Abstract

The extent of regeneration following biomaterial implantation is dependent on the microenvironment surrounding the implant. Since implant composition can have a profound effect on inflammation, it is essential to understand this process as a non-resolving inflammatory response can lead to fibrous encapsulation and insufficient integration. Incorporation of particulates into implants confers structural and functional benefits, thus optimizing particulate characteristics to enhance immune mediated efficacy is important. We investigated the relationship between the nature of hydroxyapatite (HA) particles and the innate immune response, focusing on how particle size (0.1 µm, 5 µm, 20 µm, 100 µm) and morphology (needle-shaped/spherical; smooth/rough surface) modulates inflammatory responses.

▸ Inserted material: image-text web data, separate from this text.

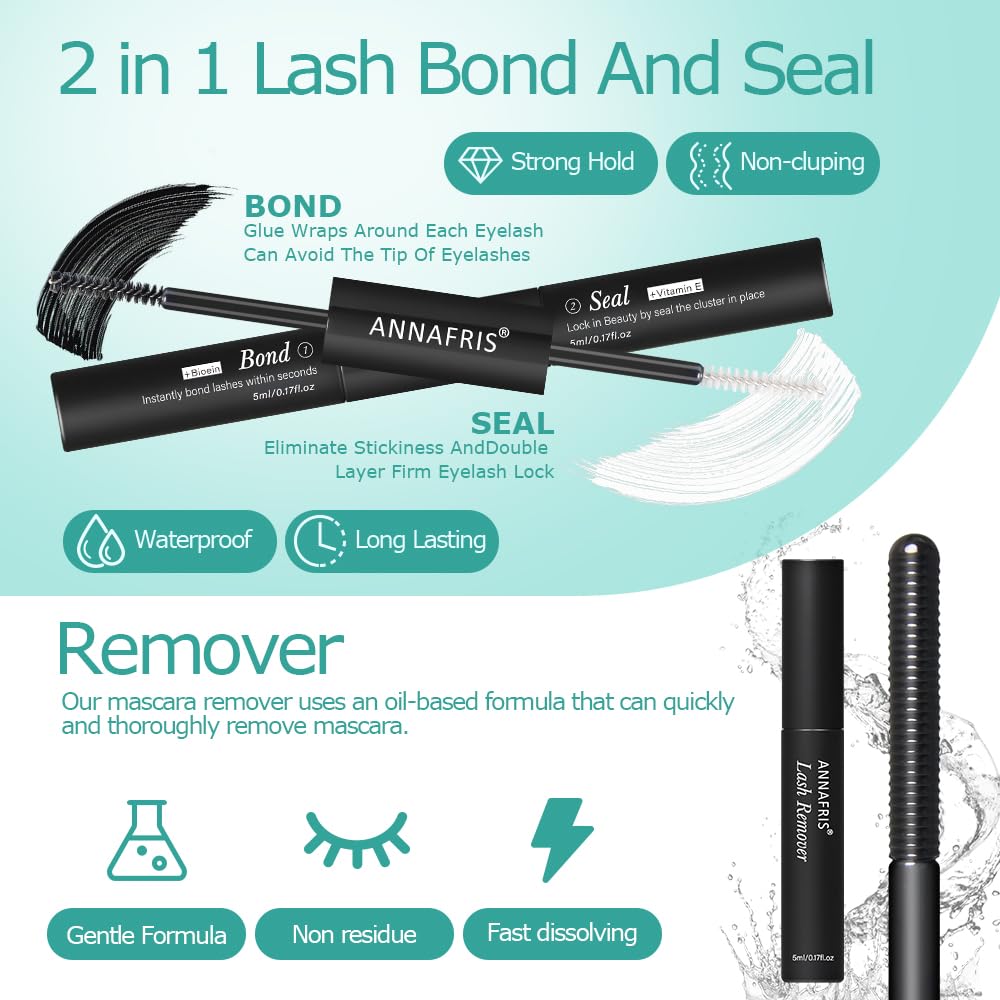 ANNAFRIS Ciglia Finte Ciuffetti Kit 8-16mm Naturali DIY Extension Ciglia Cluster Lashes con Pinze e Colla(CS,JS09)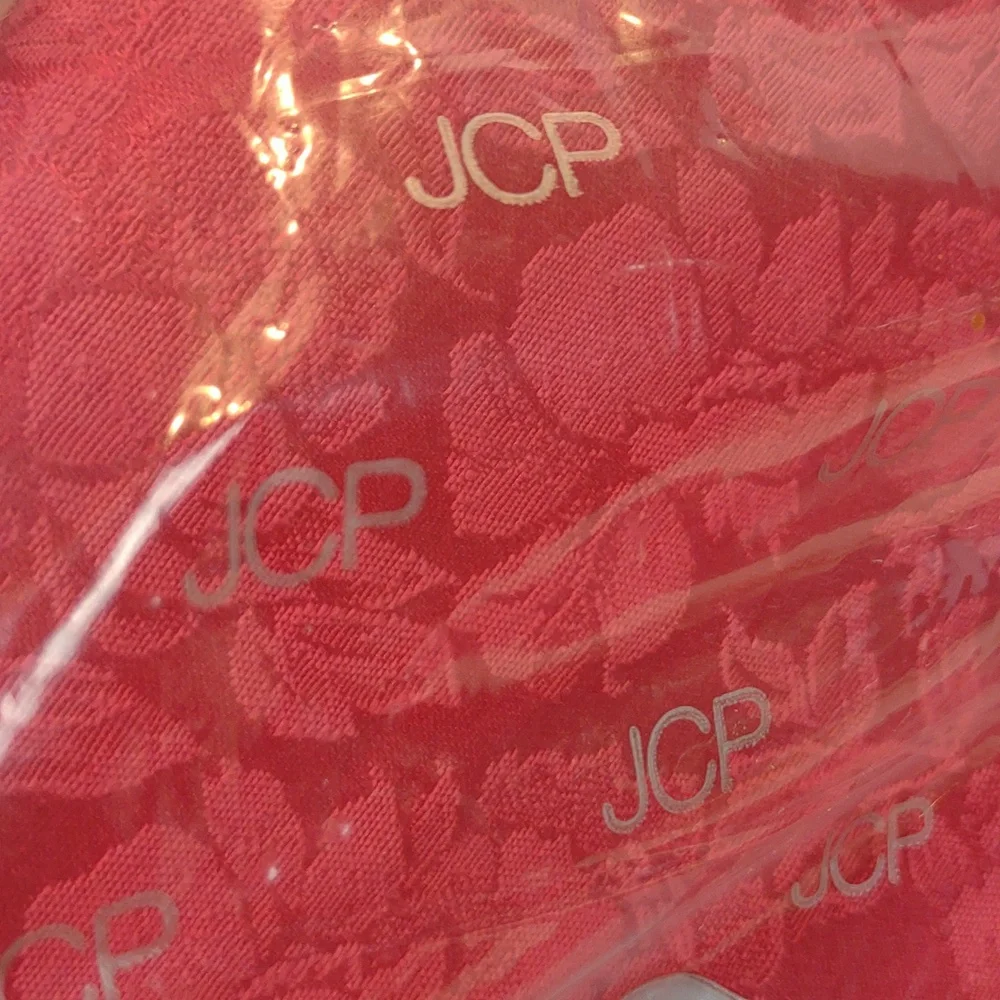 JC Penney True Red Floral Damask Tablecloth 60 x 84 NWT Never Used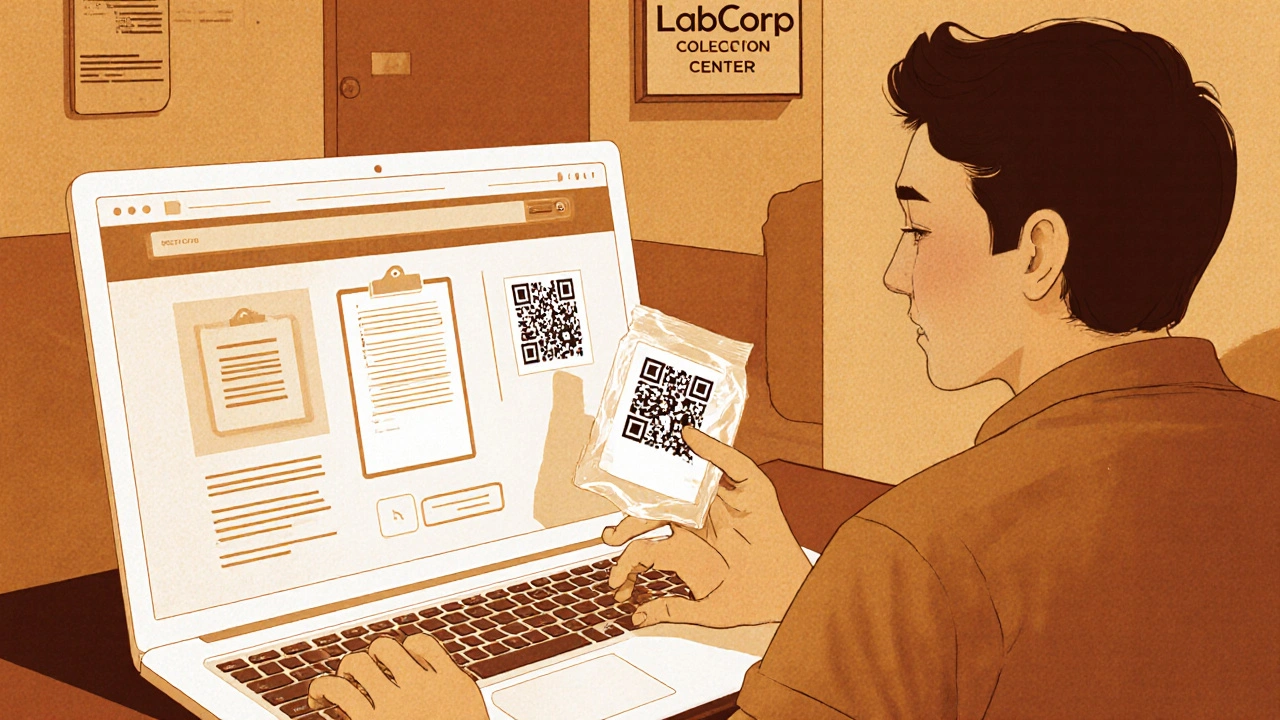 Patient nutzt Online‑Portal, hält QR‑Code und Probenbehälter, Labor im Hintergrund.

We observed a shape and size-dependent activation of the NLRP3 inflammasome and IL-1β secretion; while needle-shaped and smaller HA particles significantly enhanced cytokine secretion, larger particles did not. Moreover, HA particle characteristics profoundly influenced patterns of innate immune cell recruitment and cytokine production following injection. While small, needle-shaped particles induced a strong inflammatory response, this was not observed with smooth, spherical particles of comparable size or with larger particles. These findings indicate that hydroxyapatite particle characteristics dictate immune cell recruitment and the ensuing inflammatory response, providing an opportunity to tailor HA particle characteristics to regulate immune responses induced after biomaterial implantation.

Highlights

  • Due to an increasingly ageing population and an exponential growth in lifestyle-related diseases, the use of biomaterials to replace or regenerate damaged tissue is steadily rising[1]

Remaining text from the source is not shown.